Application: This lesson provides a good opportunity to proclaim Realized Eschatology, the urgency of deciding for serving Christ without delay, for God can use us even when we are not really ready, willing, and able (Sin, Justification and Sanctification by Grace).
1 Corinthians 7:29-31
Again we read a lesson is taken from one of Paul’s authentic letters, written from Ephesus prior to his epistle to the Romans, to a church he had established (Acts 18:1-11). Relations had become strained with the church. The letter aims to address doctrinal and ethical problems disturbing the Corinthian church. The verses of the lesson emerge in the context of Paul’s discussion of marriage throughout the chapter. In these verses (vv. 29, 31) Paul notes that the end will soon come. As a result of the imminence of the end, Paul advises those with wives to live as though they had not (v. 29), to mourn as though not mourning (v. 30), to deal with the world as though not dealing with it (v. 31).
Application: This lesson also affords opportunity to proclaim Realized Eschatology, the urgency of deciding to serve Christ right away, and given this urgency Christians are to live “in,” but not “of” the world (Sanctification).

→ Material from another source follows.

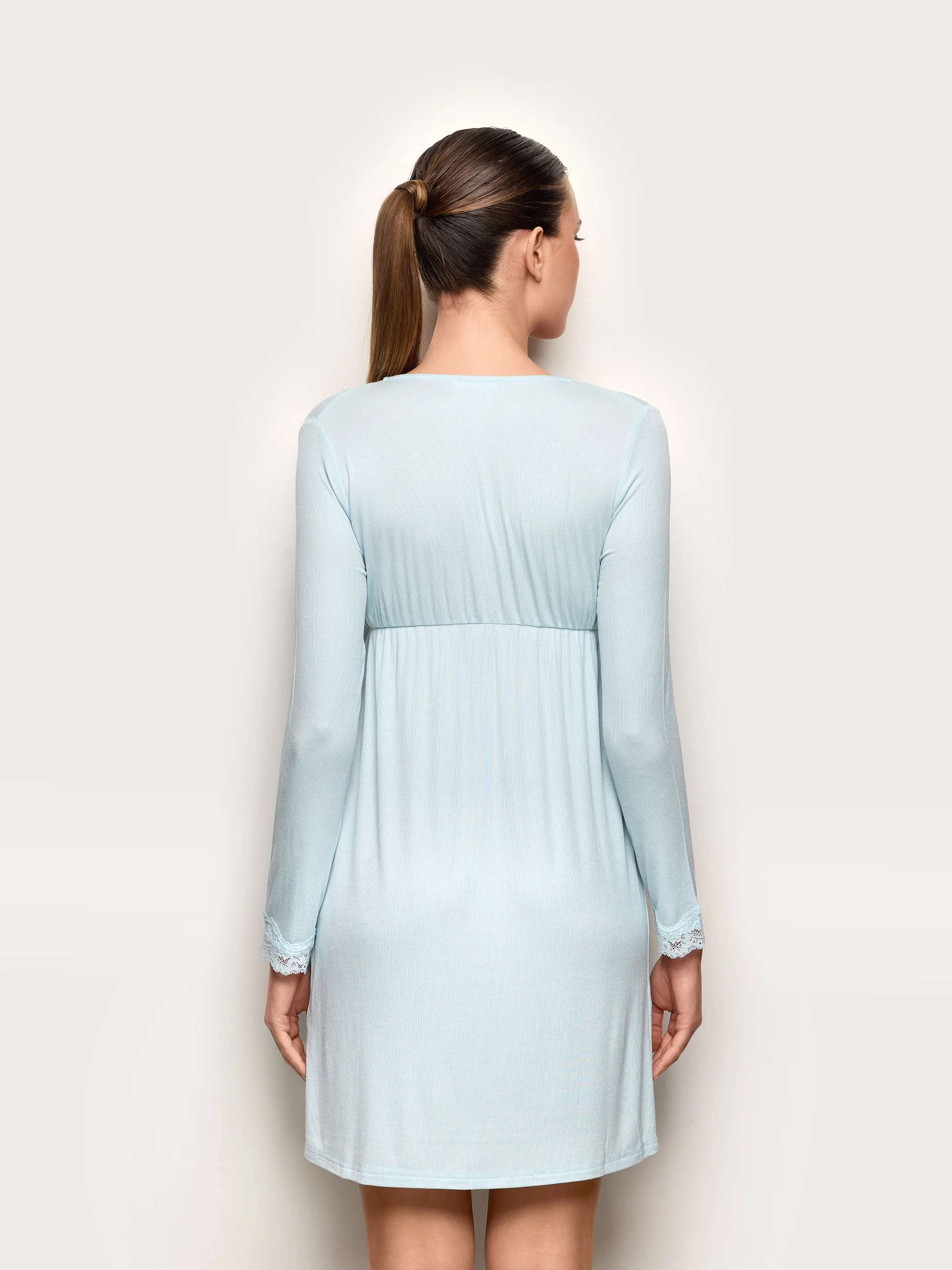 Camicia da notte manica lunga con TENCEL™ Modal Rib - Image 4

We return this Sunday to a text in the first of the synoptic gospels to be written, a book that was perhaps the source of other gospels, perhaps based on oral traditions of the passion narrative and accounts of Jesus’ sayings (the so-called Q-source). Probably written prior to the fall of Jerusalem in 70 AD, this anonymous work is traditionally ascribed to John Mark, perhaps referred to as an associate of Paul (Acts 12:12-25; 15:37; Colossians 4:10) or as Peter’s scribe (1 Peter 5:13). Some speculate that the original audience was the church in Rome (especially Gentiles), as the gospel presumes that readers are unfamiliar with Jewish customs and Palestinian geography (see 7:2-4, 31), but it also could have been written for Palestinian Christians. The lesson reports on developments at the beginning of Jesus’ activity in Galilee. It commences by noting that after John the Baptist’s arrest Jesus began proclaiming God’s good news (v. 14). This word is summarized as a call to repentance [metanoeo] and eschatological urgency (highlighting the kingdom of God [Basileia tou Theou]) (v. 15). This is the oldest, most historically authentic account of his preaching. The kingdom’s proclamation precedes the call to repentance. (This is not the priority in the parallel version in Matthew 4:17 and Luke 4:14.) An account of the call and response of Simon and his brother Andrew follows. Both are said to be fishermen who left their father Zebedee to follow Jesus (vv. 16-20). In typical Markan fashion these responses and those of others called are said to be “immediate” (at once [eutheos]) (vv. 18-20), signifying the eschatological urgency of the response. (This urgency is also reflected in the Matthean parallel account [4:22].)
Application: A sermon on this text will also exhort a lifestyle (Sanctification) governed by an awareness that the kingdom of God is at hand, a sense of the urgency about life (Realized Eschatology). This makes us bolder in the interests of seeing life in light of God.